Una economía en ruinas, el retorno de apagones de varias horas, agudizada una vez más la perpetua crisis del transporte, un desabastecimiento generalizado en la red minorista, sometida a la carestía más absurda la familia promedio y ánimos cada vez más enconados. Son signos de alarma que ya suenan a rebato desde los campanarios de la sociedad cubana, y son señales indiscutiblemente indicativas de potenciales sucesos convulsos o estallidos sociales; conozco los síntomas porque ya vivimos la enfermedad en 1994, y nada más parecida a aquella que esta, salvando las obvias gradaciones. Cierto que el contexto es otro desde el descongelamiento con Estados Unidos, pero este ha tenido, hasta hoy, un impacto prácticamente nulo hacia el interior de la sociedad de la isla debido a la intransigencia del gobierno de Raúl Castro.

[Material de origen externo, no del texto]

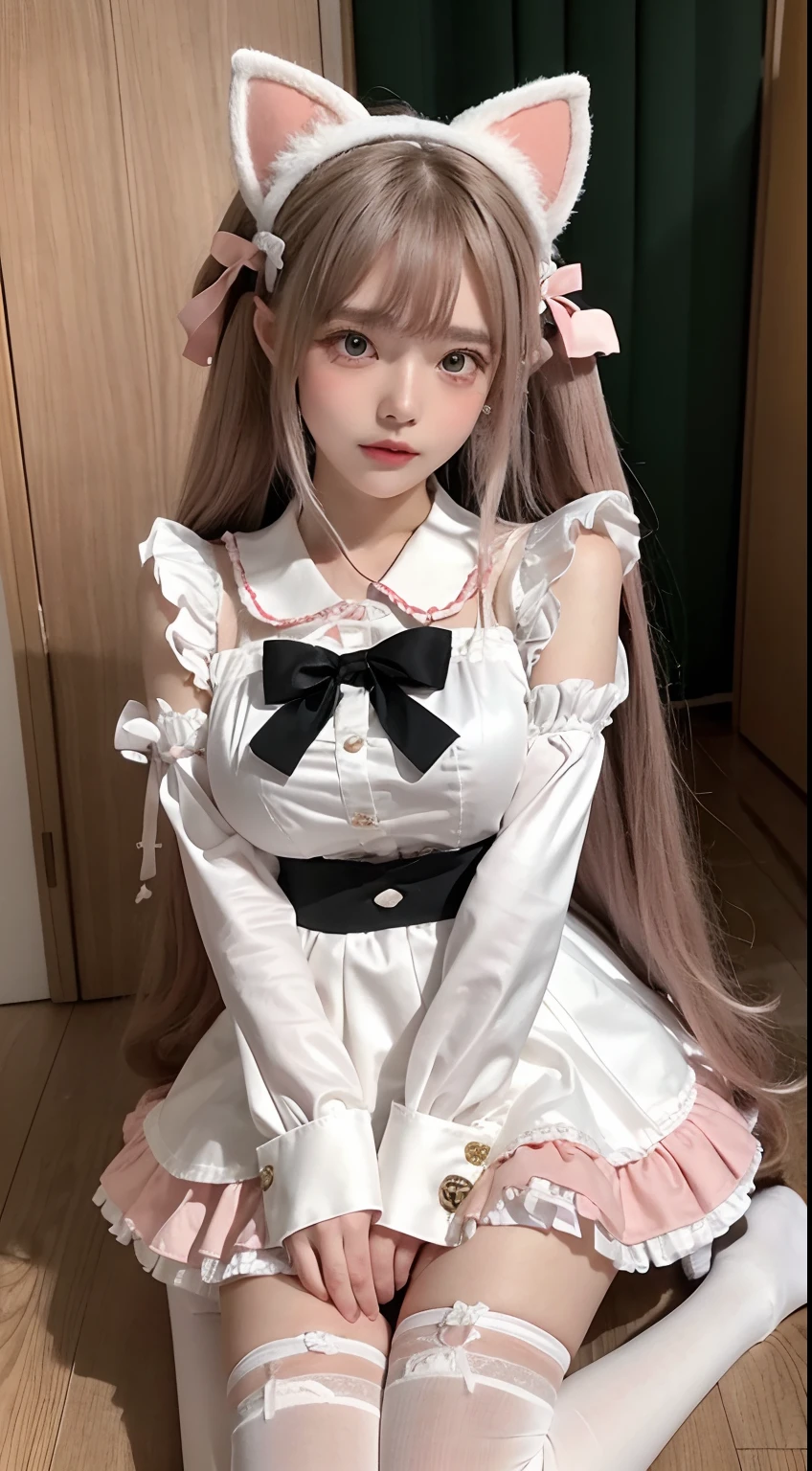 1girll,Large breasts, Spread legs, cheerfulness, (girl in gift box), full bodyesbian, From above, 8K, RAW photo, Best quality, Masterpiece:1.2, cinema), (Realistic, photo-realistic:1.3), Bondage, in box, Bound, box, ribbon, view the viewer, Blush, plushies, Kneeling,facing up, Hair, gift, Christmas,Christmas gifts, (Gift box:1.1), bound wrists, ribbon bondage, (Blush,Body blush:1.3), (blackmail:1.1), school uniform,black thighhigns, (zettai ryouiki:1.1), parted lip, Small breasts,cheerfulness,Cold,kawaii,Cute,(White cat ears:1.2),(Lolita Costume Outfit:1.2),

Como me asiste el derecho a opinar al respecto, aquí le dejo a nuestro Presidente unos sinceros consejos para destrabar el dominó de la sociedad cubana y así evadir el ya inminente retroceso a los más lamentables rigores de un Período Especial todavía inconcluso. Para hacerlo no hecho mano al sarcasmo, que se pinta solo para la ocasión, sino que lo hago francamente preocupado por el futuro de mi país. Aquí les van:

1.- Priorizar irrestrictamente la inversión directa de los emigrados.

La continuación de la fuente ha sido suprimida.